▶ _Given information_
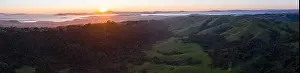 The last light of day illuminates San Francisco Bay and its surrounding cities and hills. This area is bordered by open space in the East Bay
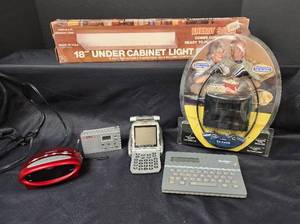 lot 578 image: NIB 18 Under Cabinet Light Fixture, Timex Alarm Clock, TV Ears, and More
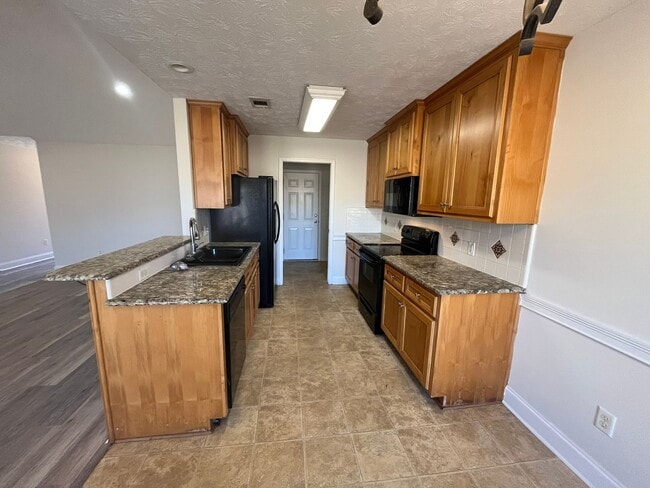 Building Photo - Discover the Perfect Blend of Comfort and ...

▶ _Work required_
Print out all the material word for word but exclude any images.

▶ _Written reply_
 The last light of day illuminates San Francisco Bay and its surrounding cities and hills. This area is bordered by open space in the East Bay
 lot 578 image: NIB 18 Under Cabinet Light Fixture, Timex Alarm Clock, TV Ears, and More
 Building Photo - Discover the Perfect Blend of Comfort and ...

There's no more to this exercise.